FIG. 4 is a diagram showing a change in reflectance of a beam splitter with respect to a polarization angle after passing through a polarizer in a conventional laser output monitoring device.

FIG. 5 is a diagram showing a change in reflectance of a beam splitter with respect to a polarization angle after passing through a polarizer in a laser output monitoring device of the present invention.

FIG. 6 is a schematic side view showing an example of a conventional laser output monitoring device.

FIG. 7 is a schematic front view of the laser output monitoring device.

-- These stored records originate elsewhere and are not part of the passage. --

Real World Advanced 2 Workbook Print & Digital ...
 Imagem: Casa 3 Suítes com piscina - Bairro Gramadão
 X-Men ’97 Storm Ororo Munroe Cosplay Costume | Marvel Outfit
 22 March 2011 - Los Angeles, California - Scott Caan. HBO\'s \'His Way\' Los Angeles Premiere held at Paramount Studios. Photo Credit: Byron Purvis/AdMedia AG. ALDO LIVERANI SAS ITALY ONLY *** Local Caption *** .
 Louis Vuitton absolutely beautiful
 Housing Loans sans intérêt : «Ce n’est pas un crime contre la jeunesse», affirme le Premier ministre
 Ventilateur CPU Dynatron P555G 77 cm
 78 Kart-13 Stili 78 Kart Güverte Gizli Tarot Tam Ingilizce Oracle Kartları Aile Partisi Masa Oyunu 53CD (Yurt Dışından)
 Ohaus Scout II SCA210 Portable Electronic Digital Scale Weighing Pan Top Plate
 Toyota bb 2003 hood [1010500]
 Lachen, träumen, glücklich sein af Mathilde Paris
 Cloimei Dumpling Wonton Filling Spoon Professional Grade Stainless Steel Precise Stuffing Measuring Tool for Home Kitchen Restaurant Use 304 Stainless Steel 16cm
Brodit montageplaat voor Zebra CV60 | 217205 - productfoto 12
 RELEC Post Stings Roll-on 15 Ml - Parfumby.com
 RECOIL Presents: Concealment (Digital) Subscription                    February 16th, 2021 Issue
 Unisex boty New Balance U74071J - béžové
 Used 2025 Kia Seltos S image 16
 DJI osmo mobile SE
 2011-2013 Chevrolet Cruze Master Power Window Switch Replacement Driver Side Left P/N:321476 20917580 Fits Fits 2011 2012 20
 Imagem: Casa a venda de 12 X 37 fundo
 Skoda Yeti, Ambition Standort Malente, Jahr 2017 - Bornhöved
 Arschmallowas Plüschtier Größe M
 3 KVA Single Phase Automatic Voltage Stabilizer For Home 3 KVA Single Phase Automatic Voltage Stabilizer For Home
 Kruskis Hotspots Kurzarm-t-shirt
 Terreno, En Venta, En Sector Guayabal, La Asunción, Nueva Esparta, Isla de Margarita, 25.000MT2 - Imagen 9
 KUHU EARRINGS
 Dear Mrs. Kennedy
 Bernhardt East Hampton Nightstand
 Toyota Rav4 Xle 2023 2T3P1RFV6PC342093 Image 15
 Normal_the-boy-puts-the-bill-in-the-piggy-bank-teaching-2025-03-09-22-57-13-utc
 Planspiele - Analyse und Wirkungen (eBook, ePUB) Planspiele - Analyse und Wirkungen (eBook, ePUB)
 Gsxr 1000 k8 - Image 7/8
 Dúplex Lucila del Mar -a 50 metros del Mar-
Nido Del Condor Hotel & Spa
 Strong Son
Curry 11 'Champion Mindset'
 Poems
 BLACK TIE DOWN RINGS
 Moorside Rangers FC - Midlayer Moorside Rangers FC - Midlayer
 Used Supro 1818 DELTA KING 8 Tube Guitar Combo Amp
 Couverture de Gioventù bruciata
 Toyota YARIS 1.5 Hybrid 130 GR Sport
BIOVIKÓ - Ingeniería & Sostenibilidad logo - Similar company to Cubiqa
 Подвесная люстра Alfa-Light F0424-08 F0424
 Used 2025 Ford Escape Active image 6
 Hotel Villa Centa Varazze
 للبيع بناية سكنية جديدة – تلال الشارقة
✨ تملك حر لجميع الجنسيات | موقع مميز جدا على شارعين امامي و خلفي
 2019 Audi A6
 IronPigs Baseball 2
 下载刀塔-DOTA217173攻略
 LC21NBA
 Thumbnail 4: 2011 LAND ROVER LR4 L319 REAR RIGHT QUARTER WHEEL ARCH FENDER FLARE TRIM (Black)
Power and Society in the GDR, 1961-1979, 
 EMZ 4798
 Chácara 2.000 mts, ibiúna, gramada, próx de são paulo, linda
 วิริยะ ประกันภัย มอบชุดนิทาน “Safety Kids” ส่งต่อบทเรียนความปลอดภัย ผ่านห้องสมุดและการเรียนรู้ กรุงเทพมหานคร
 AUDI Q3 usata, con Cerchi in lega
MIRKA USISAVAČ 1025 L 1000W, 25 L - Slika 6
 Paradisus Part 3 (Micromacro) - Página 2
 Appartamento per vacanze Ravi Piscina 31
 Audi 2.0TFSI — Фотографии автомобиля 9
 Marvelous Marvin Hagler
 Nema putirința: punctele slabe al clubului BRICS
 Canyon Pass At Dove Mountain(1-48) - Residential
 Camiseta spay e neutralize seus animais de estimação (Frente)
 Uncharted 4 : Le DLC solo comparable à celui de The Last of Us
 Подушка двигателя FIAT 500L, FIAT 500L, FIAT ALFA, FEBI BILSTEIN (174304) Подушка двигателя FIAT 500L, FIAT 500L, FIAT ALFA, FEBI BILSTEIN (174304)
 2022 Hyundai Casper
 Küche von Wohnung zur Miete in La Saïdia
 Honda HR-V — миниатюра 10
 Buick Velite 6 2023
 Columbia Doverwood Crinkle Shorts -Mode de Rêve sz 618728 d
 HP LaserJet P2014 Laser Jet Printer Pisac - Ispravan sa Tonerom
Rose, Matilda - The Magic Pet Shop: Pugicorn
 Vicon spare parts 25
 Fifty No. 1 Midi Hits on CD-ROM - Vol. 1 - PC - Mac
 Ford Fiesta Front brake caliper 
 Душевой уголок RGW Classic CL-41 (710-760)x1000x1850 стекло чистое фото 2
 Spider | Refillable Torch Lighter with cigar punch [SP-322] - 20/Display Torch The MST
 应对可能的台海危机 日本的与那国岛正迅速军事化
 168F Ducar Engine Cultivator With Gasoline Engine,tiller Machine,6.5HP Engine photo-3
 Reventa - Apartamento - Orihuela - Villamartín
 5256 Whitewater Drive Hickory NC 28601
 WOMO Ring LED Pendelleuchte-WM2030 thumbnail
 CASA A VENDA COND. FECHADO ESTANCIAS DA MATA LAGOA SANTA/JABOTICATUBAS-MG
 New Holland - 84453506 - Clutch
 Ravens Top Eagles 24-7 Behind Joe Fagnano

FIG. 8 is an operation explanatory diagram showing the polarization direction of laser light when the polarizer rotation angle is 2° in a conventional laser output monitoring device.

9 is an operation explanatory diagram showing the polarization direction of laser light when the polarizer rotation angle is 2α° in FIG. 8; FIG.

FIG. 10 is a diagram showing the polarization direction of the laser beam after passing through the polarizer of FIGS. 8 and 9 as a vector.

[Explanation of symbols]

11 Laser oscillator 12 Polarizer 13 First 1/4 wavelength plate 14 Monitor light 15 Beam splitter 16 Light receiving sensor 17 Linearly polarized light 18 Circularly polarized light 19 Second 1/4 wavelength plate

Claims (2)

[Claims] [Claim 1] It comprises a rotating polarizer that continuously attenuates linearly polarized laser light using polarization characteristics, and a beam splitter placed after the polarizer. In a laser output monitoring device that reflects a portion of laser light and detects its output with an optical sensor, a quarter-wave plate that rotates in synchronization with the polarizer is inserted between the polarizer and the beam splitter. A laser output monitor device featuring: 2. The laser output monitoring device according to claim 1, further comprising a quarter wavelength plate disposed downstream of the beam splitter.